→ Exercise data:
::::::::::

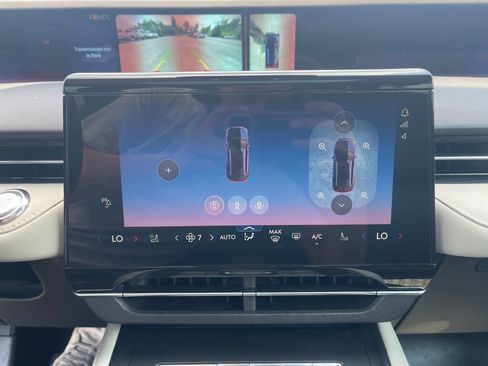 Used 2024 Lincoln Nautilus Reserve w/ Equipment Group 203A AWD/4WD image 14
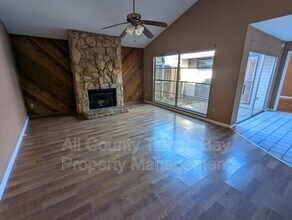 10914 Landon Ln in Tampa, FL - Building Photo - Building Photo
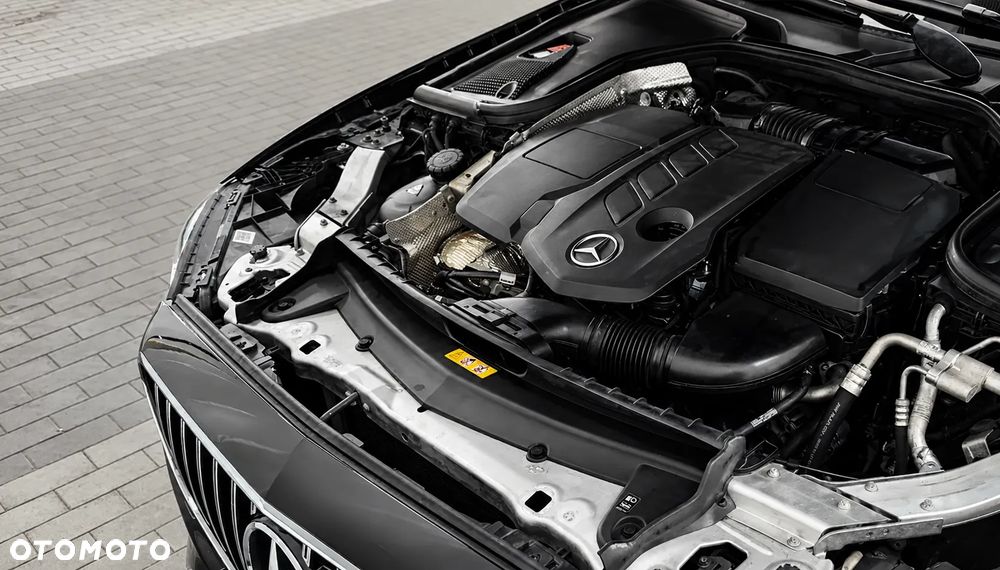 Mercedes-Benz Klasa E - 9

::::::::::

Leaving out the pictures, restate the listing above exactly.

 Used 2024 Lincoln Nautilus Reserve w/ Equipment Group 203A AWD/4WD image 14
 10914 Landon Ln in Tampa, FL - Building Photo - Building Photo
 Mercedes-Benz Klasa E - 9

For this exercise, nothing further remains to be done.